◆ **Extracted data entries**
- Opening Delimiter -

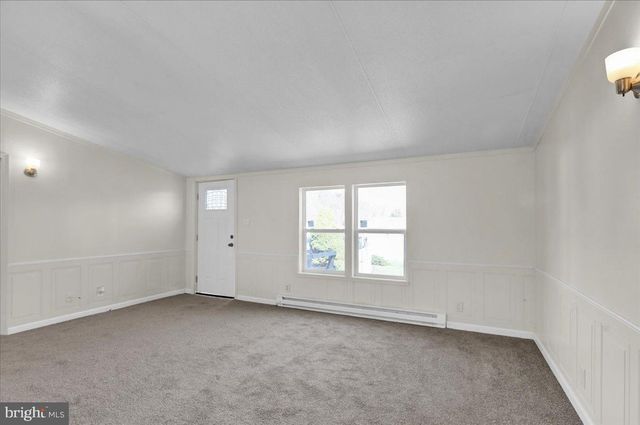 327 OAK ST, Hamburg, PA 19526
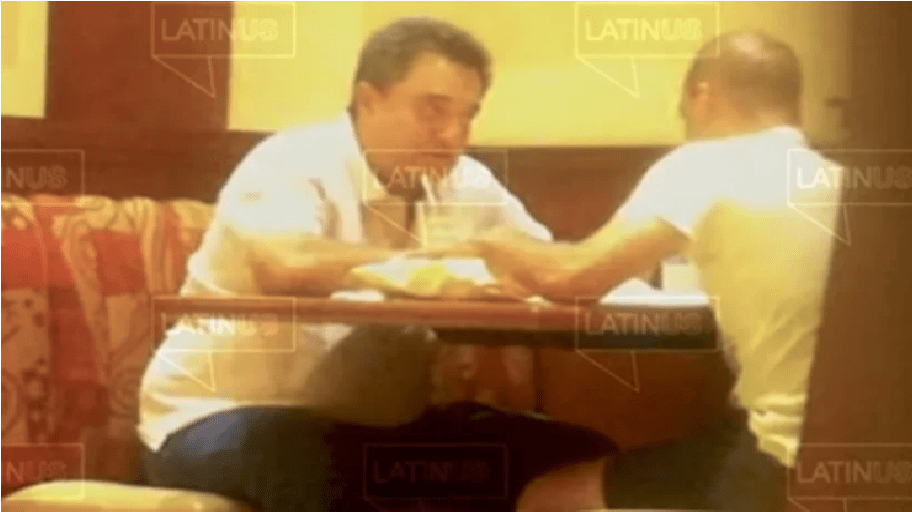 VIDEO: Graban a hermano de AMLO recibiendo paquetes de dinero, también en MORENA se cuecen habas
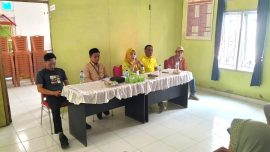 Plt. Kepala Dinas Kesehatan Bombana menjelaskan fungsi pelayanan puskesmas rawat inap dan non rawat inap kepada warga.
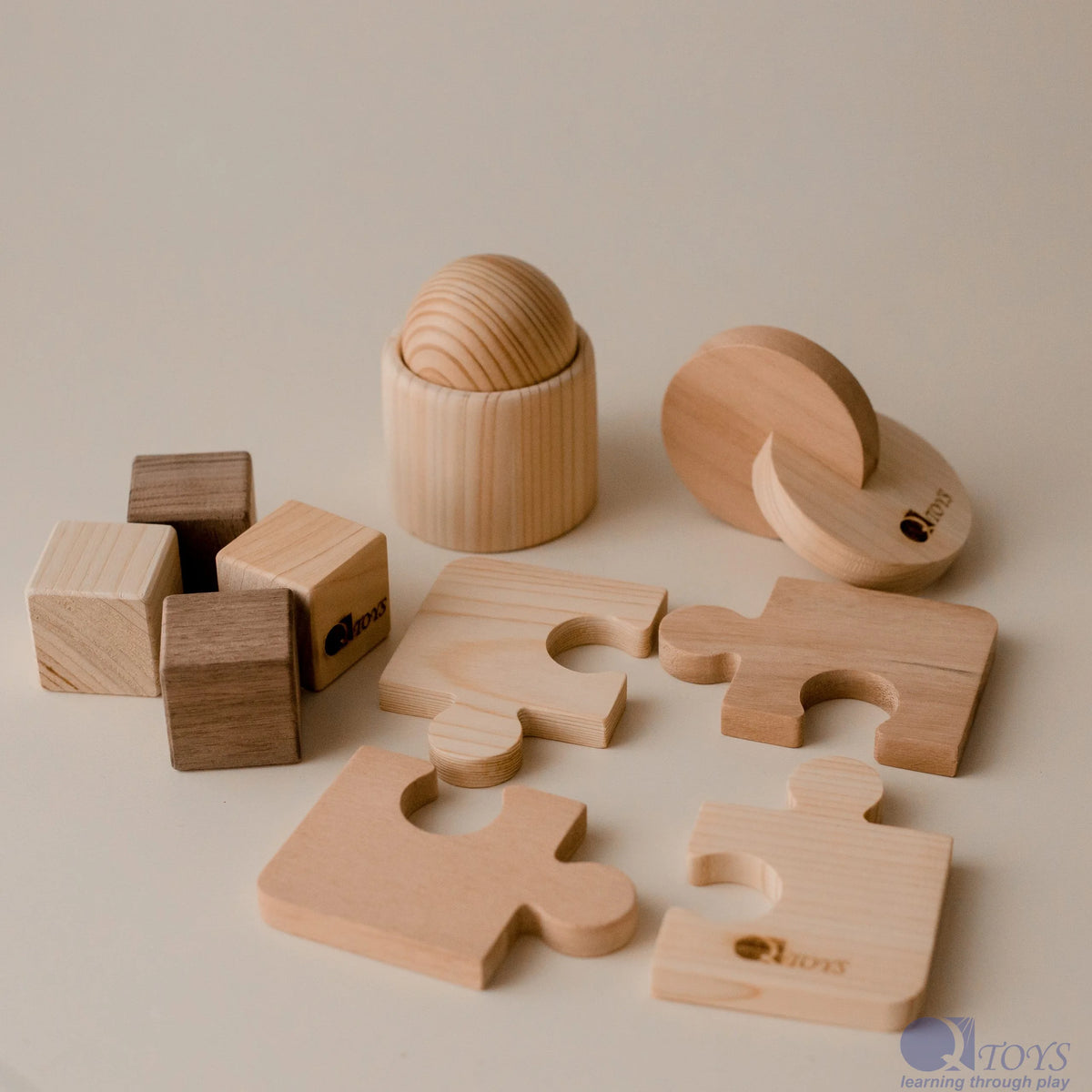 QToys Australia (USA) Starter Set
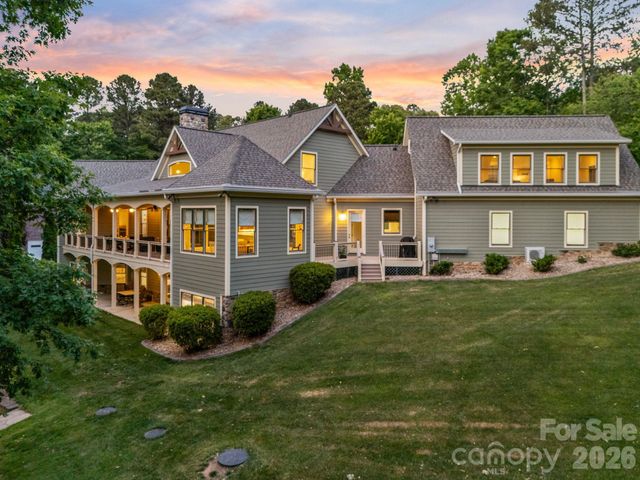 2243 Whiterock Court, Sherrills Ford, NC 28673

- Closing Delimiter -

◆ **Task item**
Any picture in the data is to be skipped, while each line is returned exactly as written.

◆ **Answer to the problem**
 327 OAK ST, Hamburg, PA 19526
 VIDEO: Graban a hermano de AMLO recibiendo paquetes de dinero, también en MORENA se cuecen habas
 Plt. Kepala Dinas Kesehatan Bombana menjelaskan fungsi pelayanan puskesmas rawat inap dan non rawat inap kepada warga.
 QToys Australia (USA) Starter Set
 2243 Whiterock Court, Sherrills Ford, NC 28673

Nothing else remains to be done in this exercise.